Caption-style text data

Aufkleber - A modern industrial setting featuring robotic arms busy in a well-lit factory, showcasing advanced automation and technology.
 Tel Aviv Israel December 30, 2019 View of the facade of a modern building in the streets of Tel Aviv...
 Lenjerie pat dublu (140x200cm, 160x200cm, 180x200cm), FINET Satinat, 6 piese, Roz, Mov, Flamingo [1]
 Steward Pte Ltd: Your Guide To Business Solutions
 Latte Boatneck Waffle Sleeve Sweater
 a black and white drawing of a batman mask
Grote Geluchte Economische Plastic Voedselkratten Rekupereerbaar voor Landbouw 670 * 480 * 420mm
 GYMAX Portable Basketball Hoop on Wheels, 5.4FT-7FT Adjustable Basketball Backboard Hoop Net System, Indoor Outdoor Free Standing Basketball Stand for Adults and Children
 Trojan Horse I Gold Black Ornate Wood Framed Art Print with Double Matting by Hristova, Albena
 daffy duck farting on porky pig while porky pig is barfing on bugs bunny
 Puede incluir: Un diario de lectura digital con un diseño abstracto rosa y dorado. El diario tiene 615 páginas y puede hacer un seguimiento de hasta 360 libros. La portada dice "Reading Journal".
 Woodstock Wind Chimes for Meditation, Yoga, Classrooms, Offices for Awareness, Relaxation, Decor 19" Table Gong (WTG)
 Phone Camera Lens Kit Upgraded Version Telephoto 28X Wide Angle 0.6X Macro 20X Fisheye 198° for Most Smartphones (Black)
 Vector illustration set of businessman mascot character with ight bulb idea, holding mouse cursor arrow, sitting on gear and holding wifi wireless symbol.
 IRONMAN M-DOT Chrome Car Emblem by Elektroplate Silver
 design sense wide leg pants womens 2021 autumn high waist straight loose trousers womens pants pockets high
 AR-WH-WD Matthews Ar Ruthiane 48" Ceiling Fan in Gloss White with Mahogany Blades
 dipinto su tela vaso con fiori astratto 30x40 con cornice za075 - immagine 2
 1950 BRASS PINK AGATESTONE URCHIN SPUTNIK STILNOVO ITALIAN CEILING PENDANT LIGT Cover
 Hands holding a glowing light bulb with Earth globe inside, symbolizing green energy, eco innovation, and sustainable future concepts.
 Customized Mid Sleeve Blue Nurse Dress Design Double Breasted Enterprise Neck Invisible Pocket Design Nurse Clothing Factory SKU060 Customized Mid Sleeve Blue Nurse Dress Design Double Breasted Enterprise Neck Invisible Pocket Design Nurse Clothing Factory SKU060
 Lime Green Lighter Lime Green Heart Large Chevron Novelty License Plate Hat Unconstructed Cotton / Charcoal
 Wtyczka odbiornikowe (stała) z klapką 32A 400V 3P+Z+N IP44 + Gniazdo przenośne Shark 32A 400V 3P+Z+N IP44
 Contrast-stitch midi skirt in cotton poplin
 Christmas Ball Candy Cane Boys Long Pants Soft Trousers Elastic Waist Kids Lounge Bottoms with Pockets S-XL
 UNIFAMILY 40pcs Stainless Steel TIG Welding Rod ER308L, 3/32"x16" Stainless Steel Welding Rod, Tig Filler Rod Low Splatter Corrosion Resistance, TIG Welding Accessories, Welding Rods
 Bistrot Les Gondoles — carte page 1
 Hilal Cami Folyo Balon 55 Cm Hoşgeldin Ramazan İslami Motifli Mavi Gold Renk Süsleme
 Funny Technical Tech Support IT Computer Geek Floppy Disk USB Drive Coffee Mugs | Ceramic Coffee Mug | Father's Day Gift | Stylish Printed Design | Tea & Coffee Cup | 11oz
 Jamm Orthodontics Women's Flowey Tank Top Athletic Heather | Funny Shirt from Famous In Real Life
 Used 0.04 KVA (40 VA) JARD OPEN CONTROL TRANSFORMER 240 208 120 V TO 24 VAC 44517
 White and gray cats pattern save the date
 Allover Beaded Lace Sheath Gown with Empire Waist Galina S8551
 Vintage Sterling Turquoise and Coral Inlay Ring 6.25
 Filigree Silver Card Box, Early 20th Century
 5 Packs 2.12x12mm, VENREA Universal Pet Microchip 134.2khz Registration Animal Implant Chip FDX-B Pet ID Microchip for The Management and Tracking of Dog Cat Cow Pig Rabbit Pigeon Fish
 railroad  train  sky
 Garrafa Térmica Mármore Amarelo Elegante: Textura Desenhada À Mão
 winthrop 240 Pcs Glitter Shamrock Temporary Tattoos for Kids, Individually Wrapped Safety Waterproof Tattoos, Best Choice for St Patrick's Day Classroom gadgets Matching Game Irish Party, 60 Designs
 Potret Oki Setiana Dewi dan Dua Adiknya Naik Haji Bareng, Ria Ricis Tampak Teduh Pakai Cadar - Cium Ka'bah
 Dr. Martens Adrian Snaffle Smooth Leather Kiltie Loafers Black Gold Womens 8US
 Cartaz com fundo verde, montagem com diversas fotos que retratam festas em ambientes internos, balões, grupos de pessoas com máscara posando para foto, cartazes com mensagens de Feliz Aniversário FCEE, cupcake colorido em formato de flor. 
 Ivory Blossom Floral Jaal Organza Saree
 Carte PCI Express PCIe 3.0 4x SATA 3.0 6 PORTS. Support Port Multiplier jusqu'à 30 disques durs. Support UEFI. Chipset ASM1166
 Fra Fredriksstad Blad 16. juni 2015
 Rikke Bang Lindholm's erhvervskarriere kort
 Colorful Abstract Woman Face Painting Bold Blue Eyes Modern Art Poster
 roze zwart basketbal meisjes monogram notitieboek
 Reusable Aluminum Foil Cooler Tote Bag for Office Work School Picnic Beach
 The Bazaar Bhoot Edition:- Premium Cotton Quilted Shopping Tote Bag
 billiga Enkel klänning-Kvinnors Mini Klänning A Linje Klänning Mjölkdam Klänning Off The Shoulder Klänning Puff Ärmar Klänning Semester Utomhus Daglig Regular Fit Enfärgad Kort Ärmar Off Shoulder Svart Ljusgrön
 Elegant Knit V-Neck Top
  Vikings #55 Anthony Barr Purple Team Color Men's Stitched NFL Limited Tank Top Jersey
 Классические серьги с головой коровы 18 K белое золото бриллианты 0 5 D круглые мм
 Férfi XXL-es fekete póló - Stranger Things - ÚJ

▶ **What you have to do**:
Look above for the line with "Lenjerie pat dublu" and the line with "a black and white drawing of a batman mask". Write out those two lines and all the lines between them, exactly, and no others.

▶ **Your response**:
 Lenjerie pat dublu (140x200cm, 160x200cm, 180x200cm), FINET Satinat, 6 piese, Roz, Mov, Flamingo [1]
 Steward Pte Ltd: Your Guide To Business Solutions
 Latte Boatneck Waffle Sleeve Sweater
 a black and white drawing of a batman mask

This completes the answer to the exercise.